それは本当に不味いのか、どうしてそれを不味いと感じるのか、食材が悪いのかそれとも調理法が悪いのか、はたまた食文化の違いが起因となっているんじゃないか、添加物が多すぎて味が濁っているのじゃないか、云々、しばしば考え込み、取り留めもなく不味さに思いを馳せる。
美味いことに関して、人は盛んに口を開ける。どこそこのアレが美味かった。ここそこの板前の右に出る者はいない。あれそれは絶品の食材で最高だ。と、美味いことに関しては、こちらが求めずとも、人は勝手に話を始める。
味以外に関してもうんちくが満載だ。料理人、食材、品ぞろえ、挙げ句の果てには店構えやら接客サービスにまで言及される。他にも、ネット上の書き込みだとか、ミシュランガイドまで話は広がり、僕は美味い物談義の過剰さに些か辟易する。
もちろん美味い食べ物は大好きだ。美味い物を食べて体に力が漲り、気持ちが晴れやかになり、そんな食事に幾度となく感動したことがある。料理を作ってくれる人には敬意を抱いているし、食材を作る人や捕ってくる人には頭が上がらない。

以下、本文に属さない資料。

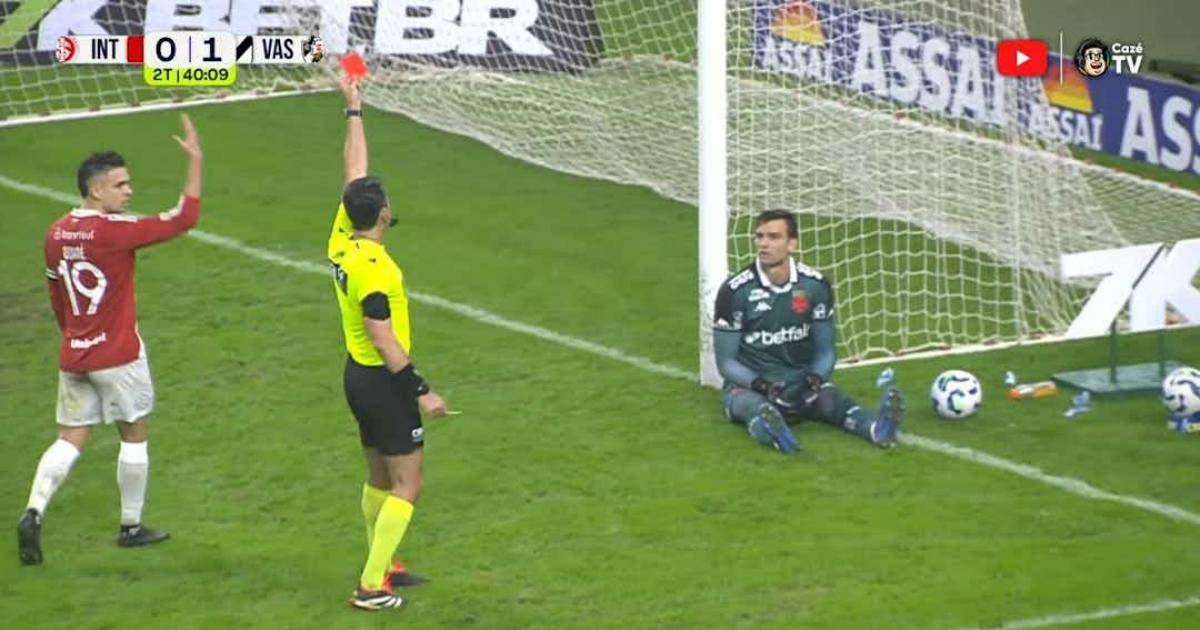 طرد حارس مصاب يكلف فاسكو نقطتين في الدوري البرازيلي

けれども、やはりどうしてだか、不味い物は気になってしかたがない。そう、不味いを知るとは、ある意味においての味覚の冒険であるような気がする。そして、それは同時に人類学的な調査であり、自分と他者との味覚の違いを知る哲学的命題でもあるように思えるのだ。
外国に行くまでもなく、日本国内でも、様々な物の味わいの違いで人はしばしば婉曲的にその不味さの悪態をつく。何々地方は味付けが濃くて食べていられない。何々地方の出汁が黒くて食欲がわかない。何々地方の魚の扱いは田舎者のそれである、などと。それが外国までに及ぶと、しょっぱすぎる、辛すぎる、においが強すぎる、油っこすぎる、肉食べ過ぎる、などと、数限りなく、その不味さを直線的な言葉で言い表わされる。

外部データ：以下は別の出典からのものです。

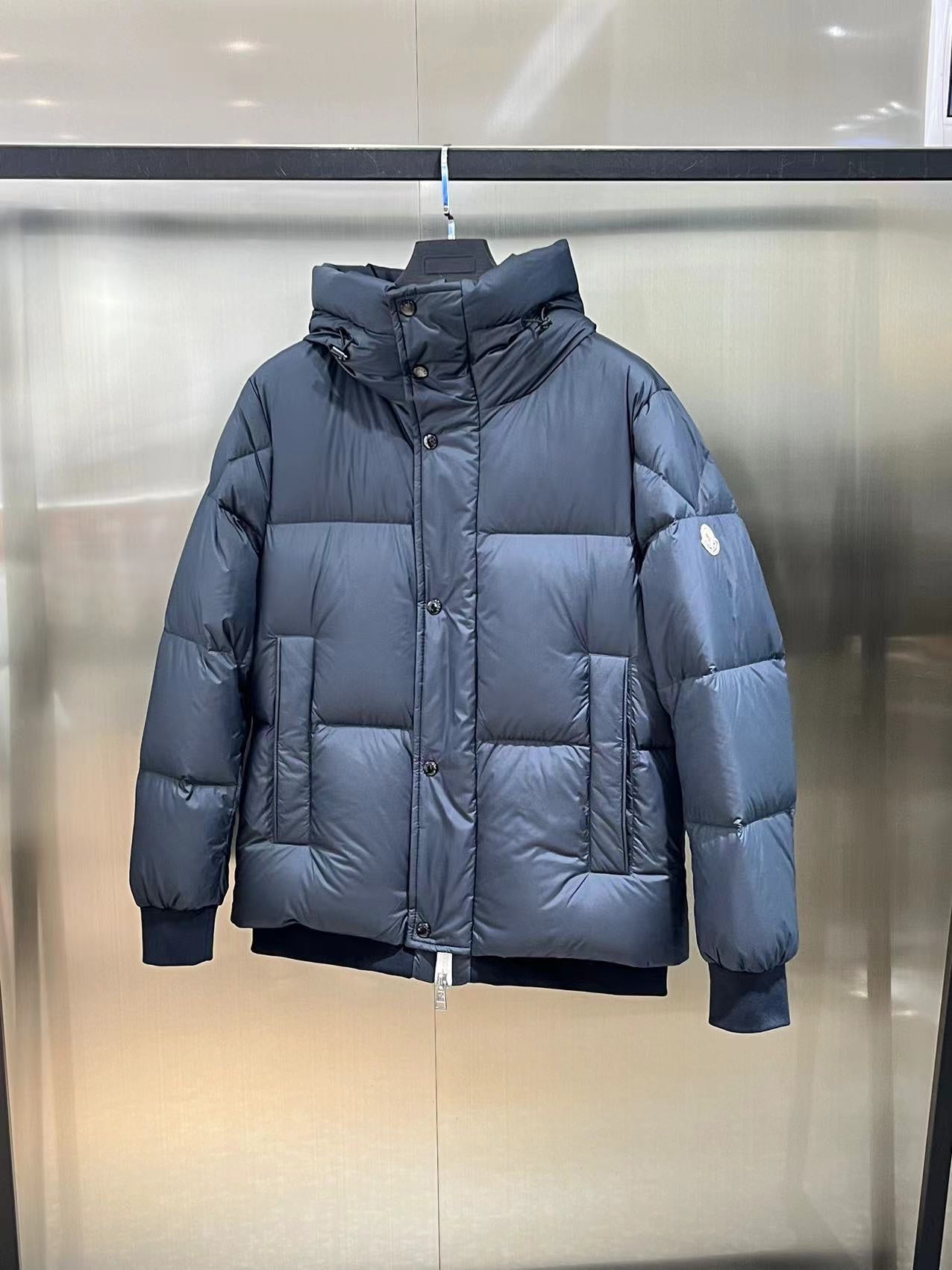 MONCLER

僕が言いたい、不味さを知るとは、ただその不味さを口汚く罵ることではない。不味く感じることには、不味く感じるなりの理由があり、その訳を探るという思索の旅なのである。それは直感的、抽象的に感じる美味さより、より考察的で具体的な言葉を語る要素が、不味さにはあるような気がする。
そのような不味い、という感覚が言葉となり人からこぼれ落ちるとき、僕は無上の喜びを感じるのだ。